Gold Against Skin
Emily Ratajkowski wearing jewelry is a specific problem, which is that you stop looking at the jewelry. Jacquie Aiche’s work deserves better than that—the pieces are genuinely beautiful, fine gold-and-diamond work that exists in its own register, unhurried and precise—but when Emily is the one wearing it, the hierarchy shifts. She’s wearing a necklace that Aiche named after Elizabeth Taylor, and standing next to that reference without flinching takes a specific kind of presence.
Aiche’s aesthetic sits somewhere between bohemian and serious. Layered gold, embedded stones, pieces that look excavated rather than manufactured. The work doesn’t announce itself. It accumulates, settles into the skin, starts to look like it was always there.

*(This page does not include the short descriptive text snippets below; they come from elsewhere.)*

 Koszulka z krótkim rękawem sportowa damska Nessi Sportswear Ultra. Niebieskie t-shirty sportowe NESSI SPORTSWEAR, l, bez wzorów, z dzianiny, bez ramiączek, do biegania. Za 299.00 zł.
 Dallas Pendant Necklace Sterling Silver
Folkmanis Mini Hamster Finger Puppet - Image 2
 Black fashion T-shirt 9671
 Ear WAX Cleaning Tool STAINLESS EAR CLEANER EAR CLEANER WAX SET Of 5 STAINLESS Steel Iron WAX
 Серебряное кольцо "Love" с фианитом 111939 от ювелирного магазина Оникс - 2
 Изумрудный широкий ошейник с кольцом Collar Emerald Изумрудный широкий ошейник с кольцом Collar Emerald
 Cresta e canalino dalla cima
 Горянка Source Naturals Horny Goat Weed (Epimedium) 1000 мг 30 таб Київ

It’s the kind of jewelry that attracts people who have strong feelings about jewelry rather than people who just want to signal that they spent money.

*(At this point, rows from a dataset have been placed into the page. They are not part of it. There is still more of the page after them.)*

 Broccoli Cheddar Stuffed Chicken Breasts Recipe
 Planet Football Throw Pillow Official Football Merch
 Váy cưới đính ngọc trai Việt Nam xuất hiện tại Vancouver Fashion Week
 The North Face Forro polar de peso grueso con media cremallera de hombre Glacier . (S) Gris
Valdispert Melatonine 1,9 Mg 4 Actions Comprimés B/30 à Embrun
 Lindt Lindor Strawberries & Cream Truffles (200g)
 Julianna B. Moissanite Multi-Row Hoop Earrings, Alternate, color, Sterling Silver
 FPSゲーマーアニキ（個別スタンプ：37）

I’m basically obsessed with diamonds,
Emily says in an interview with the designer. There’s a necklace Jacquie named the Elizabeth Taylor. It’s so timeless and specific.
I believe the obsession entirely—she wears the conviction the same way she wears the jewelry, as if wanting something openly is simply more efficient than pretending otherwise.
The combination of Ratajkowski and Aiche makes sense in a way that transcends the usual celebrity-brand arrangement. They’re both interested in the same tension: adornment as something worn against the body, not hung over it. The shoot understands that.